New Delhi- Foxconn on Monday said it has decided to pull out of semiconductor joint venture with Indian conglomerate Vedanta, according to a statement.
Foxconn said it is “working to remove the Foxconn name from what now is a fully-owned entity of Vedanta”.
“Foxconn has no connection to the entity and efforts to keep its original name will cause confusion for future stakeholders,” Hon Hai Technology group (Foxconn) said.
Foxconn, the global contract electronics maker, and Vedanta had inked an agreement last year to build semiconductor and display production plants in Gujarat entailing an investment of abour Rs 1.5 lakh crore.
In a statement on Monday Foxconn said: “In order to explore more diverse development opportunities, according to mutual agreement, Foxconn has determined it will not move forward on the joint venture with Vedanta.”
The statement said that for over a year Hon Hai Technology Group (Foxconn) and Vedanta have worked hard to bring a great semiconductor idea to reality. It has been a fruitful experience that can position both companies strongly going forward.

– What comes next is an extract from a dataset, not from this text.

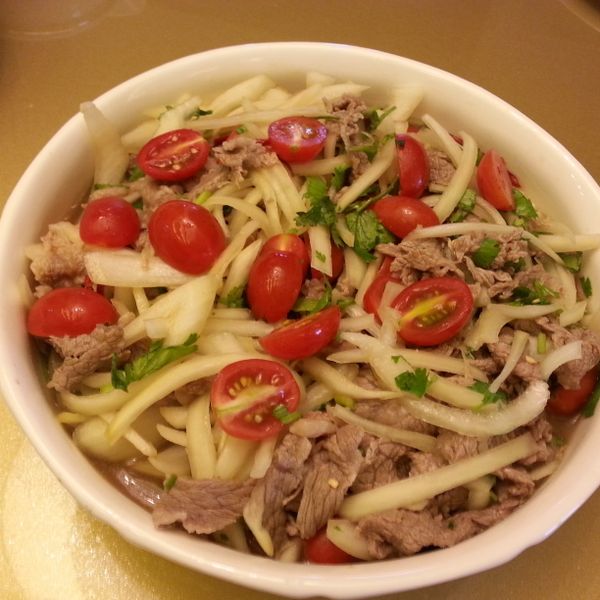 【哇菜影音食譜】泰式酸辣牛肉片：Shiue 薛曉玲 一起做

“Foxconn is confident about the direction of India’s semiconductor development. We will continue to strongly support the government’s ‘Make In India’ ambitions and establish a diversity of local partnerships that meet the needs of stakeholders,” it said.

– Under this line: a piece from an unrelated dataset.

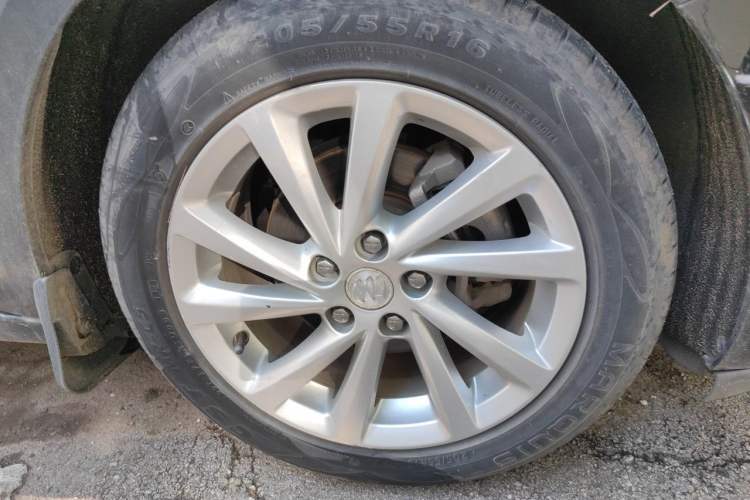 Used Buick Verano 2015 Sedan 15S Manual Entry-Level Model Right Front Wheel Hub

Meanwhile, Minister of State for Electronics and IT Rajeev Chandrasekhar saidthat Foxconn’s decision to pull out of Vedanta joint venture has no impact on India’s semiconductor fabrication plant goal.

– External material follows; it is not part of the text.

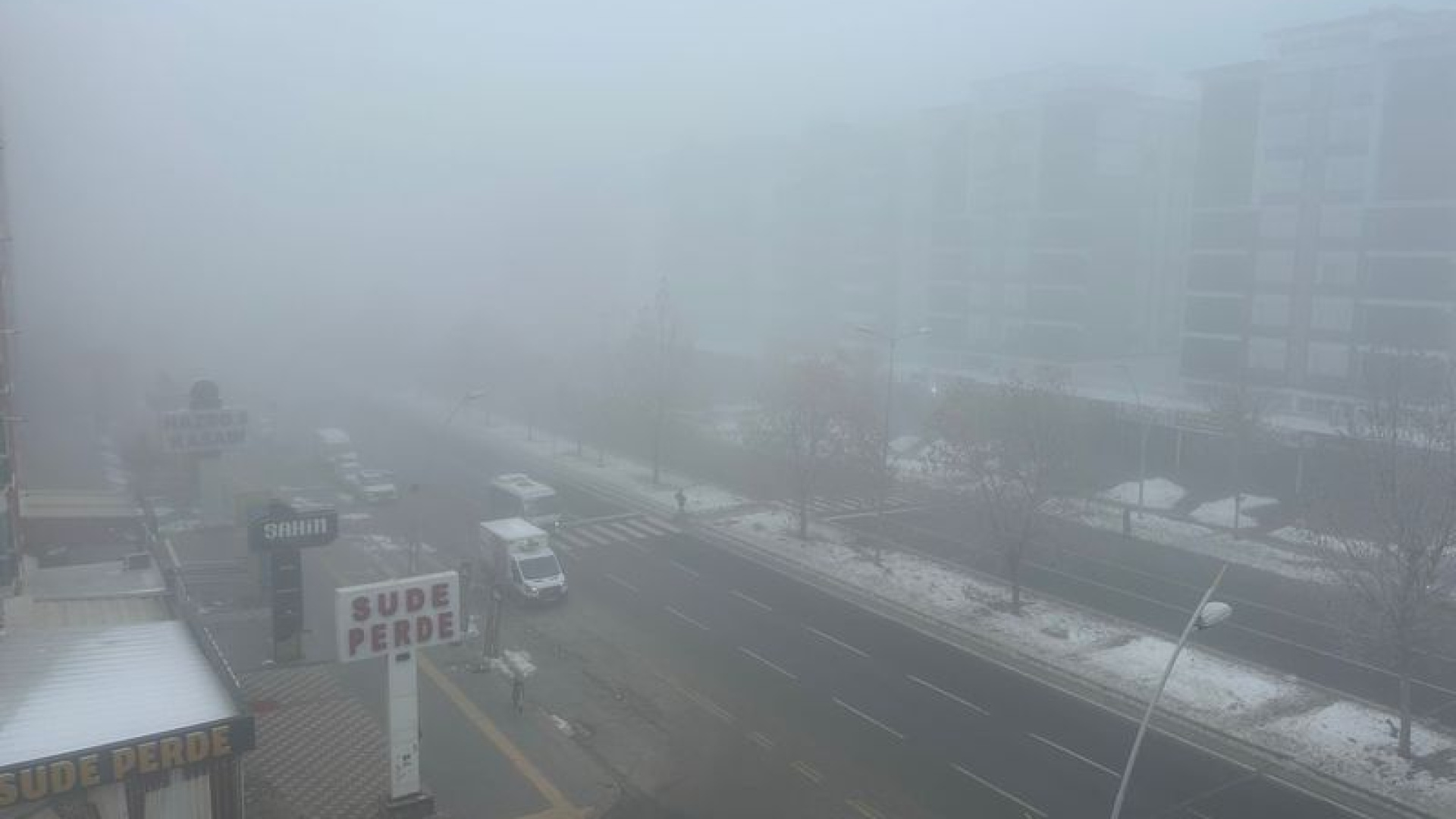 Son dakika: Diyarbakır sis denizinde kayboldu, uça…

“This decision of Foxconn to withdraw from its JV with Vedanta has no impact on India’s Semiconductor Fab goals. None,” Chandrasekhar tweeted.
“It’s not for govt to get into why or how two private companies choose to partner or choose not to, but in simple terms it means both companies can & will now pursue their strategies in India independently, and with appropriate technology partners in Semicon n Electronics,” Chandrasekhar tweeted.
The minister said that both Foxconn and Vedanta have significant investments in India and are valued investors who are creating jobs and growth.
“It was well known that both companies had no prior semicon experience or technology and were expected to source Fab tech from a Tech partner. While their JV VFSL had originally submitted a proposal for 28nm fab, they could not source appropriate Tech partner for that proposal,” the minister said.
He said that Vedanta through JV VFSL has recently submitted a 40 nm fab proposal backed by a technology licensing agreement from a Global Semicon major – which is currently being evaluated by government’s Semicon India Tech Advisory group.
The minister said that India’s strategy of catalyzing semiconductor ecosystem has seen rapid progress in the 18 months since Prime Minister Narendra Modi approved India’s Semicon strategy and policy.
“To those editorializing abt this decision of Foxconn/Vedanta being a “blow” to India’s Semicon ambition, I can only say its a bad idea to bet against India under PM Modi. India is just getting started,” Chandrasekhar tweeted.
Cabinet had approved Semicon India Program in December 2015 with an incentive outlay of Rs 76,000 crore.
Vedanta Foxconn JV, IGSS Ventures and ISMC propose to set up electronic chip manufacturing plants with USD 13.6 billion investment and have sought support of USD 5.6 billion from the Centre under the Rs 76,000 crore Semicon India Programme.
Vedanta and Elest have proposed to set up a display manufacturing unit with projected investment of USD 6.7 billion and have sought support of USD 2.7 billion from the Centre under the Scheme for setting up of Display Fabs in India.